Friday, August 14, 2009

Revisiting an old ghost

I was rifling through some old papers today in my study and I came across some handouts from my International Constitutional Law Seminar at Jones Law School. One of the handouts had accompanied a presentation that a classmate had done about "extraordinary rendition." If you've never heard the term or are a little fuzzy on it, Extraordinary Rendition is rationalization at its finest.

The U.S. says to itself "hey, these people are trying to kill us...therefore anything we want to do to them is justified for national defense." "Yeah, but we have these laws, both at home and abroad, that say we can't just do anything to people that we want to do. How do we get around that?"

Extraordinary Rendition is the answer. In a nutshell, we transfer people outside our borders or collect them somewhere in the world and transport them to a country that has very few human rights laws. If it's not illegal there, we're not breaking the law, right? Uhm, yeah, ya kinda are. Maybe not the letter of the law, but the spirit of America. I highly doubt that the Founding Fathers shipped people to Spanish or French colonies and tortured them to protect our Constitution.

Yet this is what we did - both under Bush and under Clinton - lest you think I'm playing favorites - although the torture practices of Cheney/Bush (in that order since that was the chain of thought command) were enormously worse.

Not convinced? Watch this and see if you're proud of the policy.

First a preview of the Frontline video...


And if that got you on the edge of your seat, here's the real deal.

http://www.pbs.org/frontlineworld/stories/rendition701/video/main.html


Now this country has had the term "unlawful enemy combatants" since before the World Wars. These types of war-time criminals are nothing new. What was new, was the bravado and stealthy, shiftiness with which our country rationalized treating criminals badly.
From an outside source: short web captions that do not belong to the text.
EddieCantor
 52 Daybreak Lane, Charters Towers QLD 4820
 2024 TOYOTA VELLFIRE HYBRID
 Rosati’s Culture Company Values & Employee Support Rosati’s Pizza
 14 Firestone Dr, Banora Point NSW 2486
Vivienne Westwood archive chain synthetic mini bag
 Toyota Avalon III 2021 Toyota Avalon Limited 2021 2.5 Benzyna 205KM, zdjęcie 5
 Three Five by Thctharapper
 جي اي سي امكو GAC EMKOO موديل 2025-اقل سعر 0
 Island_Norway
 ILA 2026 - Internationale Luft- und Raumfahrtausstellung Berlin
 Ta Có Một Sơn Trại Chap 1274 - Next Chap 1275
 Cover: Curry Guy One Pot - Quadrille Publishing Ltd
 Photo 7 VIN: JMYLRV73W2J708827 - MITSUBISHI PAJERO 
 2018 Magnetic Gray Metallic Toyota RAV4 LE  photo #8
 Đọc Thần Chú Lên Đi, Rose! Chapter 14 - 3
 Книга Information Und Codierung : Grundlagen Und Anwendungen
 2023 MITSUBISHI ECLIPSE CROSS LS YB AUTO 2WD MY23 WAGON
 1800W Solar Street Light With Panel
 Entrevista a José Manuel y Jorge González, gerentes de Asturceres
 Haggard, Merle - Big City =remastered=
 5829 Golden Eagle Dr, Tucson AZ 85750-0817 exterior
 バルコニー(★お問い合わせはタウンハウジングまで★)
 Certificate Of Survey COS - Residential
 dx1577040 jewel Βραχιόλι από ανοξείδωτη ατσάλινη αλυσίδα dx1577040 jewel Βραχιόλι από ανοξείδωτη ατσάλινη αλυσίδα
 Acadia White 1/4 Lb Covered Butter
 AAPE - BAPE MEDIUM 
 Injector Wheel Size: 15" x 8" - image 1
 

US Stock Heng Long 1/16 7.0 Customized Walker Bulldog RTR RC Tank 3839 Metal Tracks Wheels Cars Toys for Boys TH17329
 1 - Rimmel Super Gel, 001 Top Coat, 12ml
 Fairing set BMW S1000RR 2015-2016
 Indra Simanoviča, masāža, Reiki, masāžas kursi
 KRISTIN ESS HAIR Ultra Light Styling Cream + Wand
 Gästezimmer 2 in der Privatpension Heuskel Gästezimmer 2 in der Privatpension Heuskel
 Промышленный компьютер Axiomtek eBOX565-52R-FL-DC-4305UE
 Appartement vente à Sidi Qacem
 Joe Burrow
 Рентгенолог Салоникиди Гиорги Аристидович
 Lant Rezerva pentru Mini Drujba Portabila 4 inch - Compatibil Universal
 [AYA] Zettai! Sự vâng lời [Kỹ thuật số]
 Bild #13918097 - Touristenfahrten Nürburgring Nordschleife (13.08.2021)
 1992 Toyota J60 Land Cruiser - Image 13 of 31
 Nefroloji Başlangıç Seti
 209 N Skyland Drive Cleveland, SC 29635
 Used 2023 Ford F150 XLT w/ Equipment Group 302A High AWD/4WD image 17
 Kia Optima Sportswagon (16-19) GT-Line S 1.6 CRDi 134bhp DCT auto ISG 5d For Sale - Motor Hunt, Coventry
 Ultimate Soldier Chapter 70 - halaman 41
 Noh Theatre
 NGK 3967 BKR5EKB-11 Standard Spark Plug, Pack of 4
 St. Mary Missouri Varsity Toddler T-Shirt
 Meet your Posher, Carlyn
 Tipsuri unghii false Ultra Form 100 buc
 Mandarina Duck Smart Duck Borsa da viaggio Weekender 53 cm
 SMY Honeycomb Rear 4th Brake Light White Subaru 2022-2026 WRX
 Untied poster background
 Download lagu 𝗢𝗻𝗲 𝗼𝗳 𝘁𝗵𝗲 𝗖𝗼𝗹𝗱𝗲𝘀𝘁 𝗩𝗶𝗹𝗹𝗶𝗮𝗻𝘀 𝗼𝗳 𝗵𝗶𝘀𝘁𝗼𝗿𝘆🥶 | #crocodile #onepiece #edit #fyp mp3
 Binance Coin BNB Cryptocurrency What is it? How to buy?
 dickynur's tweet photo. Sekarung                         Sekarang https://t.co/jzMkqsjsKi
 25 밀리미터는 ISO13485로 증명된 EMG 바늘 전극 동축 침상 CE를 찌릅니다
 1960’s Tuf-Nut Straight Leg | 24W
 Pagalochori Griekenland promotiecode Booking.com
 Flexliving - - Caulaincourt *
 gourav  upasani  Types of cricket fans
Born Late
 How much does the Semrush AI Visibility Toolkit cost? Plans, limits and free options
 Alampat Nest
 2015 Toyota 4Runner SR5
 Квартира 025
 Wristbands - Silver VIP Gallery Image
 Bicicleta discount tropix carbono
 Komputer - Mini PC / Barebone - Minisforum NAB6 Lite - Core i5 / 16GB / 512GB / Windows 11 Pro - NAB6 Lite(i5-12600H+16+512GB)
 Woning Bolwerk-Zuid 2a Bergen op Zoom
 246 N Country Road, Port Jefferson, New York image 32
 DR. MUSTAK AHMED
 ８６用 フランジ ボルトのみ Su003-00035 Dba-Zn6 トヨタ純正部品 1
Held for years with no charges. Children taken and beaten. For the express purpose of using pain and brutality as information-gathering methods.

Folks THAT'S NOT WHAT AMERICA SHOULD BE ABOUT!!!

Of course there's going to be a segment of people reading this that says we should be able to do anything to anyone trying to hurt us or who wont help us stop the death of innocents. If you haven't learned by now that the world isn't always black and white...that it's not always clear as to who the bad guys are and whether they're even giving you good information...I'm afraid for you. That's not even addressing the notion that we're not supposed to subject ANYONE to pain and suffering. We're supposed to be better than that.

If you're defending this by saying "Jesus would support righteous self-defense" then heaven help you, there's no changing your mind anyway.

Let it be known, I'm not bringing this up to sling hash at any side in particular. There are enough skeletons in the closets of everyone to throw the proverbial Oingo Boingo "Dead Man's Party." I just happened to see this on my desk and thought I could illuminate something that others had either avoided or buried under the rug.

I love this country. I'm not one of those people who thinks we've always been a terrible place and have a history of pain that outweighs the good we've done as a nation. I'm proud of us. That's why using pain and torture to protect ourselves is even more terrible. We are not a nation of Chuck Norrises, kicking ass first and finding out the story after the dust settles. We are a nation Mr. Smiths. Standing up for the little guy, but still defending ourselves when the time is right.

This issue will return sometime soon and now you're armed.